_Given information_:
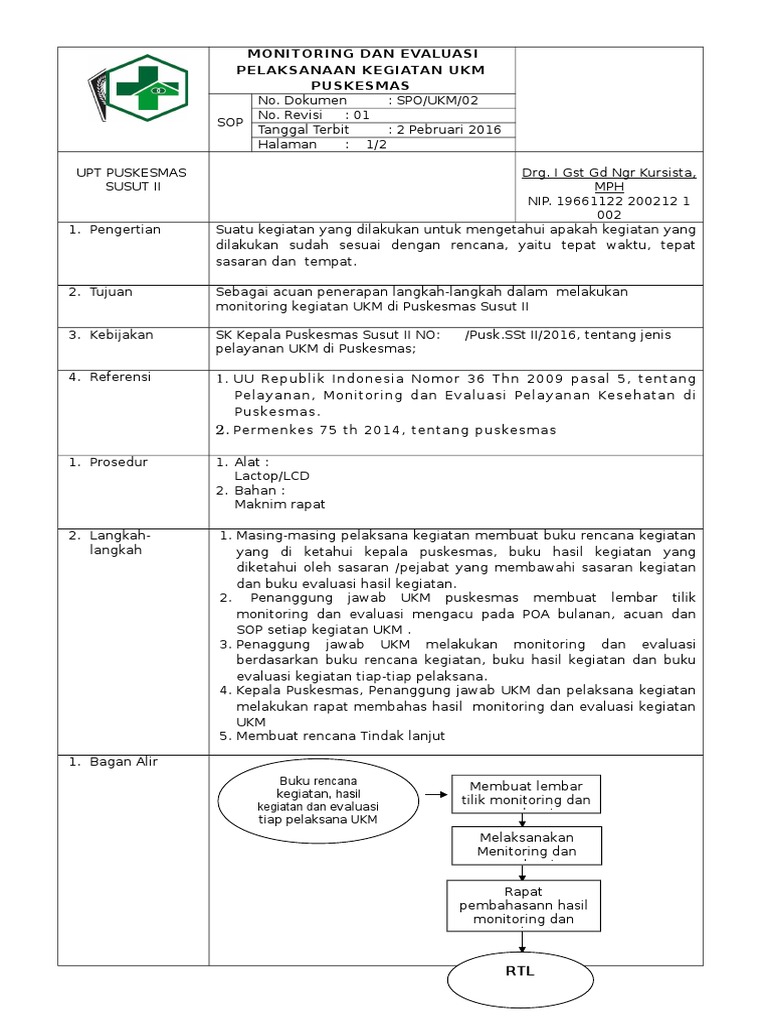 4.2.4.3&4 SOP Monitoring Dan Evaluasi Pelaksanaan Kegiatan UKM | PDF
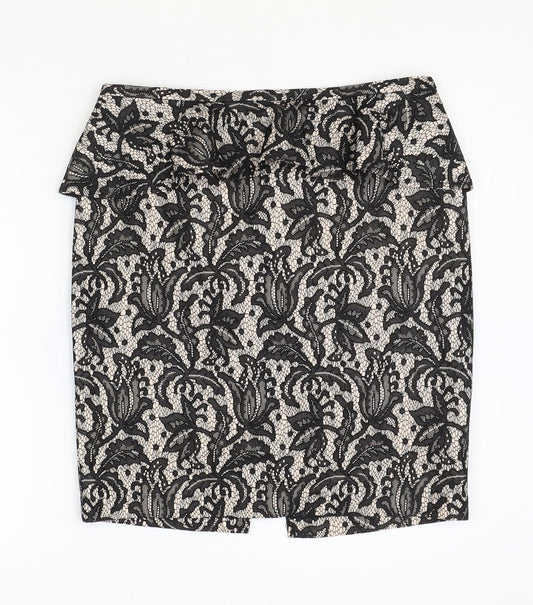 Oasis Womens Black Floral Polyester Straight & Pencil Skirt Size 14 Zip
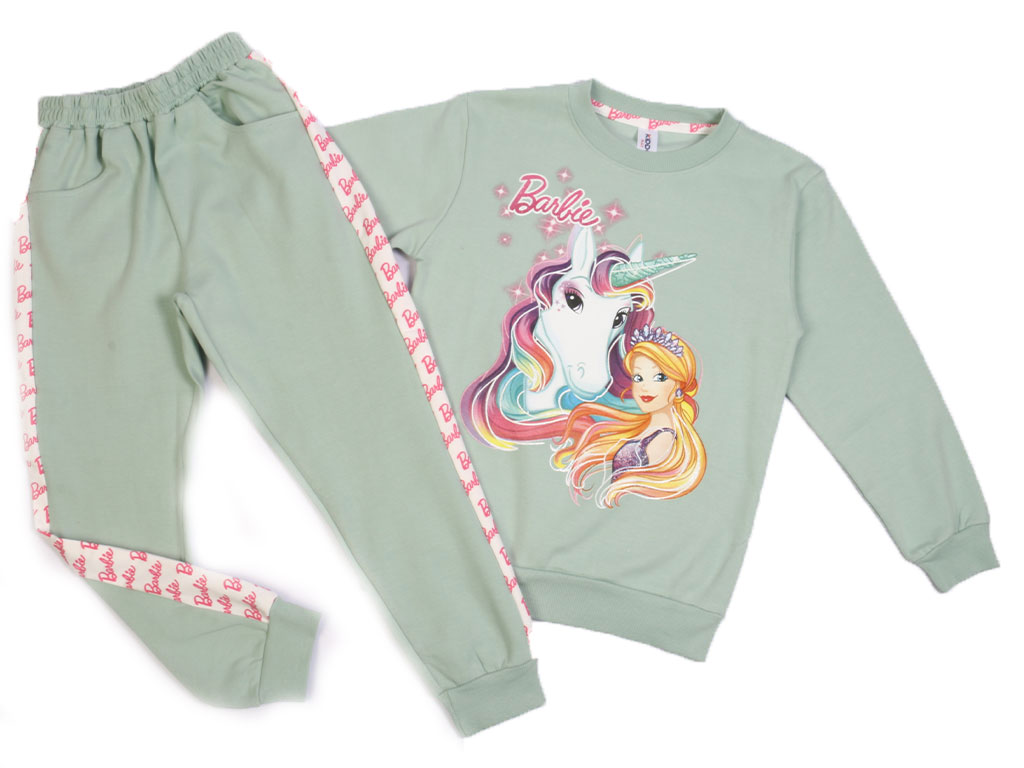 بلوز و شلوار راحتی دخترانه سبز طرح باربی و اسب تک شاخ کیدومکس kido max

_Exercise details_:
A word-for-word repetition of the data above, without pictures, is the expected answer.

_Result_:
 4.2.4.3&4 SOP Monitoring Dan Evaluasi Pelaksanaan Kegiatan UKM | PDF
 Oasis Womens Black Floral Polyester Straight & Pencil Skirt Size 14 Zip
 بلوز و شلوار راحتی دخترانه سبز طرح باربی و اسب تک شاخ کیدومکس kido max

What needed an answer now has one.